Apple Thokku (Pickle)
Here in the US, raw green mangoes are found less often and are expensive. Green apples are more easily available at the grocery shops.
I had some sour green apples (granny smith) lying at home with no takers … so just tried making the south-indian thokku (pickle) … You must try it to believe it – the taste of apple doesn’t come across at all … Probably the apples being sour helps – and with the spices, it tastes yummm …. Goes well with rotis/parathas as well as dosais :)
Green apples: 4 [You can use granny smith or any other sour/tart apples]
Oil: 3 tablespoons
Mustard seeds: 1 teaspoon
Red chilly powder: 2 teaspoons
Turmeric powder: ¼ teaspoon
Fenugreek seeds: ½ teaspoon
Asafoetida (hing) powder: ½ teaspoon
Salt to taste
- Powder the fenugreek seeds.
- Heat the oil in a non-stick frying pan (kadhai).
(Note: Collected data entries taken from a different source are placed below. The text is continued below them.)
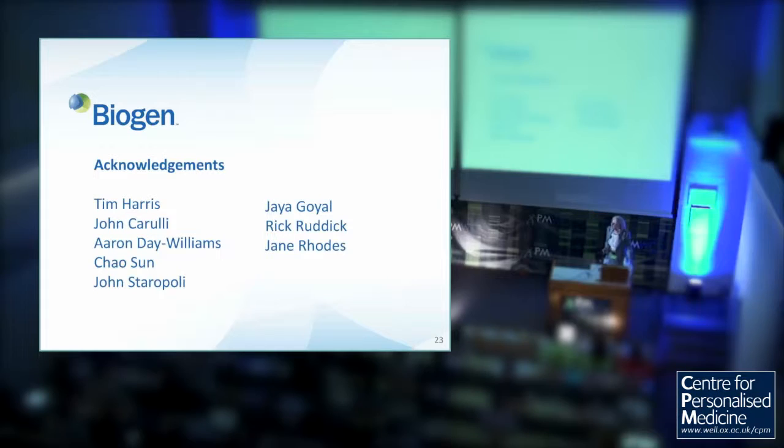I've actually only been at Biogen for less than a year, so the majority of the work I've talked about today has been done by other people. I'd like to acknowledge their contribution, particularly my new boss, Tim Harris. Thank you very much.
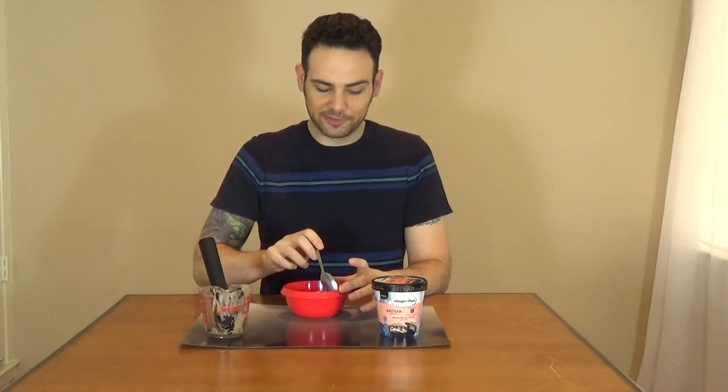The chocolate ice cream is phenomenal because Haagen-Dazs does chocolate right. It's a really rich chocolate ice cream. I haven't gotten to the good parts yet.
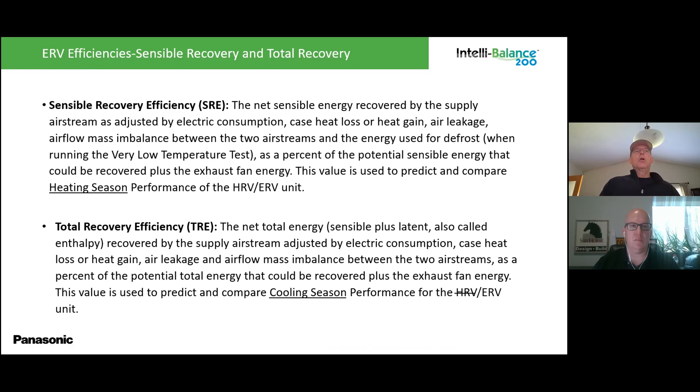One important point about total recovery efficiency: an HRV will score zero for total recovery because it has no latent capability — it cannot capture moisture and runs it out through the condensate line. So when comparing products, always look at total recovery efficiency, because if you're only capturing sensible heat, you're only doing half the job.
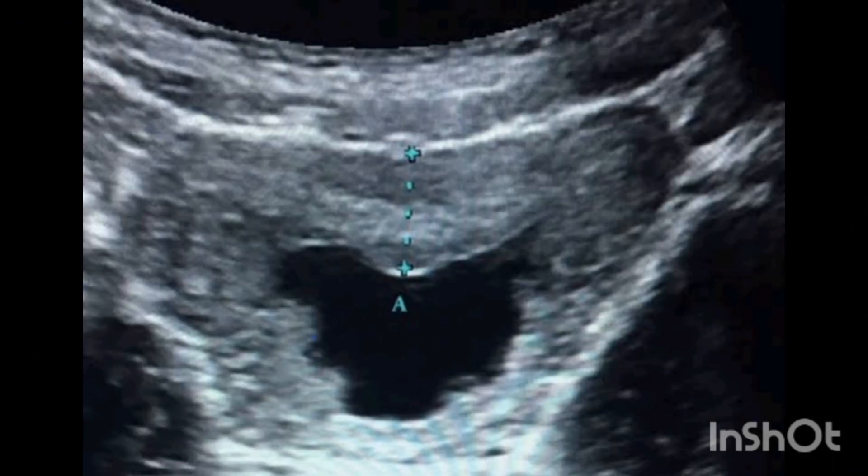Another image of an inadequately filled bladder with the wall thickness up to 9 mm. So this is a markedly thickened bladder wall and it indicates cystitis.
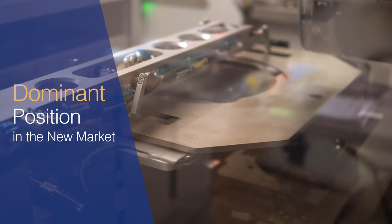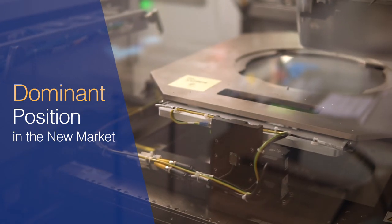Today in the market we're establishing ourselves as the primary company for high volume inline x-ray manufacturing inspection, and we've established a dominant position in that new market.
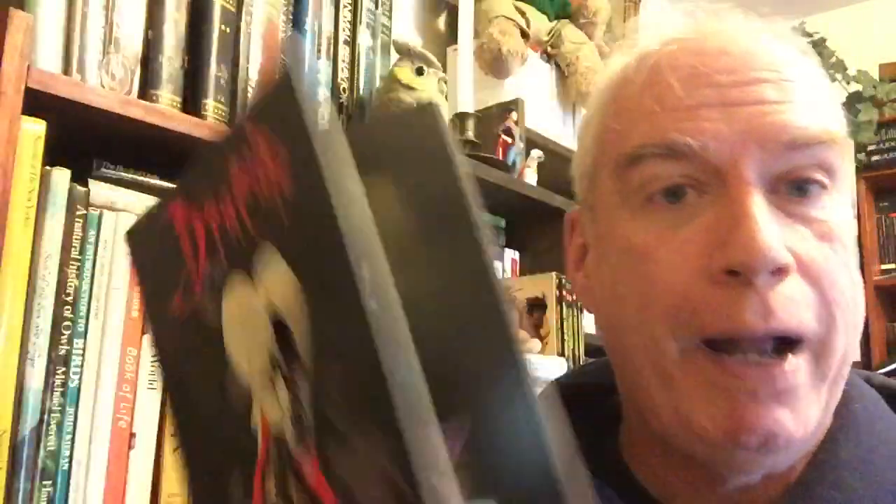I don't quite know what's going on in that movie, but the comic book adaptation was done by Mike Mignola — the great artist Mike Mignola — who right after this went on to create his own character Hellboy and ride it to multi-million dollar success. Hellboy has been in movies, the comics are still ongoing, and there's tons of merchandise. This is a fantastic adaptation of Bram Stoker's Dracula.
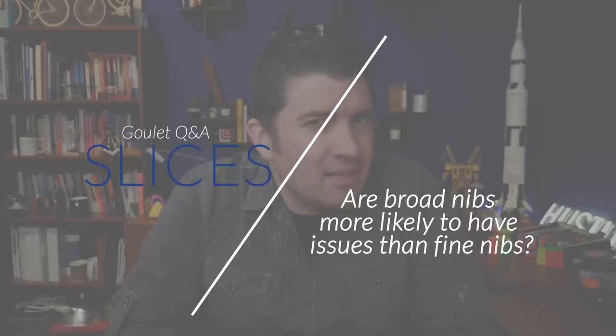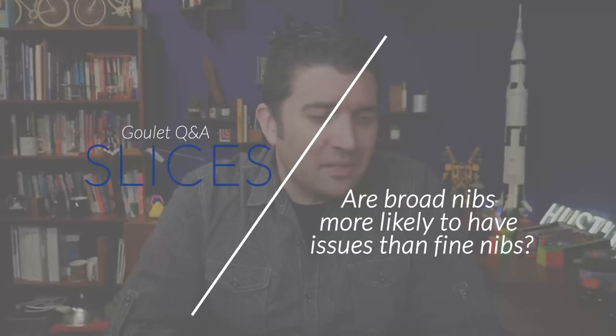Are broad nibs more prone to having issues than fine nibs? This is a great question. Obviously, I've written with a lot of different pens.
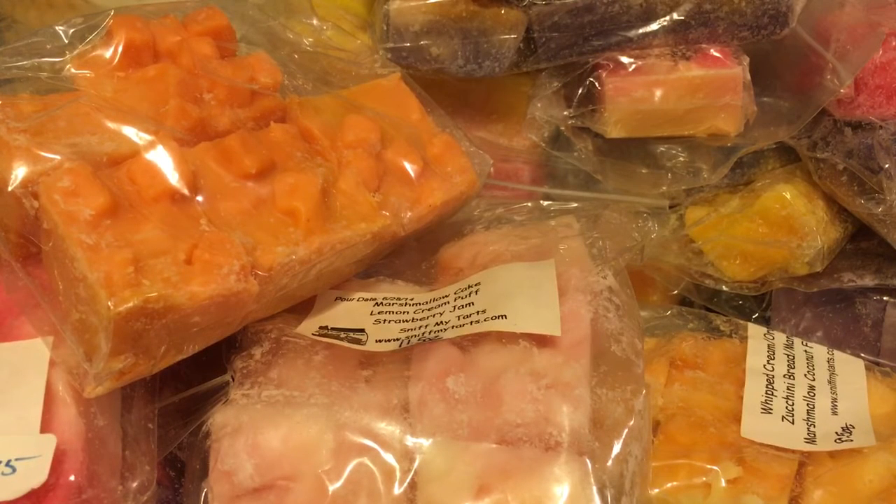I know some of you have requested specific vendors — Sniff My Tarts wasn't one of them — but because of that upcoming opening is why I decided to pick them as my next vendor. I plan on melting them for no more than a week and then I'll pick my next one. Thanks everyone for watching! If you have any questions or comments, or other vendors you'd like me to do a spotlight review on, feel free to post those below. Thanks, bye!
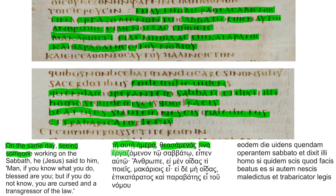Seeing someone working on the Sabbath, he said to him: 'Anthrope, ei men oidas ti poieis, makarios ei' — 'Man, if you know what you do, blessed are you.' 'Ei de me oidas, epikataratos ei kai parabates tou nomou' — 'But if you do not know, you are cursed and a transgressor of the law.'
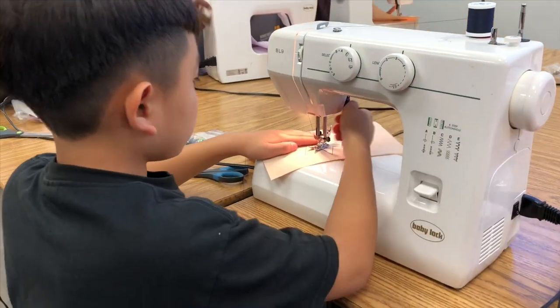Many of the kids now go home and their parents say their machines don't work. The kids get it out and boom boom boom fix it, and away their parents' machines are fixed just like that. So it's kind of rewarding for the kids to learn that they could do that.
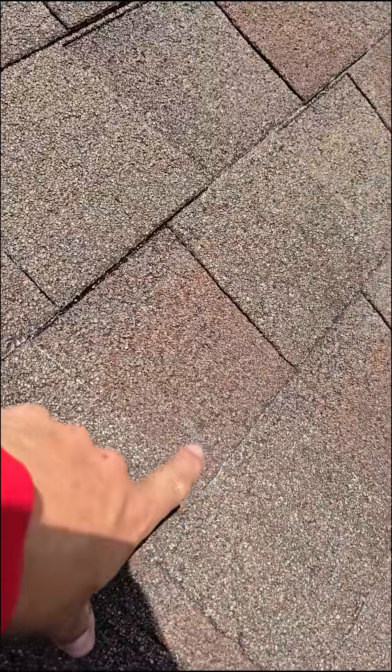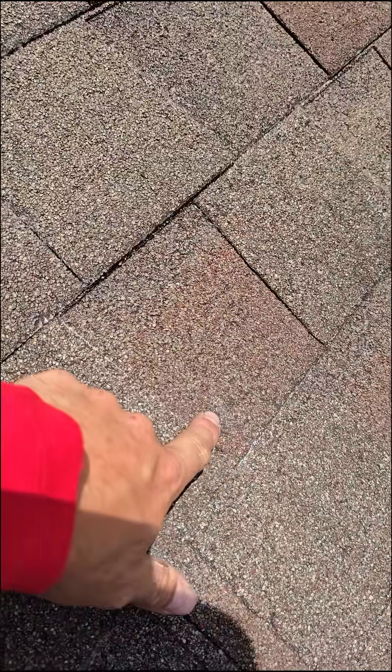Hail hits your roof and removes the large asphalt granules, which are part of the composition of the shingle. Those granules allow the shingle to deflect UVA and UVB rays. Without them, UV radiation erodes the foundation bed of the shingle. You can see this customer had hail damage a couple years ago — what's showing there now is fiberglass.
Add the mustard seeds and allow them to splutter.
- Next, add the asafetida powder, turmeric powder, and the fenugreek seed powder. Fry for a few seconds. Turn off the heat.
- Immediately add the red chilly powder in hot oil so it is fried as well.
- With the seasoning ready, let’s proceed to the apples. This ensures that the apples are ready to be dropped into the pan as we chop/grate them. This minimizes the oxidation (turning brown).
- Peel and deseed the apples. Then, finely chop or grate them. Keep adding them to the frying pan with seasoning.
- When all the apples are added to the pan, turn on the heat and stir well to blend with the spices.
- Cook covered on medium heat and stir at regular intervals. The apples will sweat and cook in their liquids. Let cook this way till the apples are cooked and mushy. You can mash them slightly for a smooth consistency.
- Add the salt to taste. Mix well and cook for a few minutes so that any remaining moisture is gone. When the mixture comes together as a lump and oil begins to separate from the pickle.
- Check for seasoning and oil and adjust to taste.
- The apple thokku (pickle) is ready to be served immediately.
- To store, transfer when cooled to a dry jar with an airtight lid. Refrigerate for increased shelf life.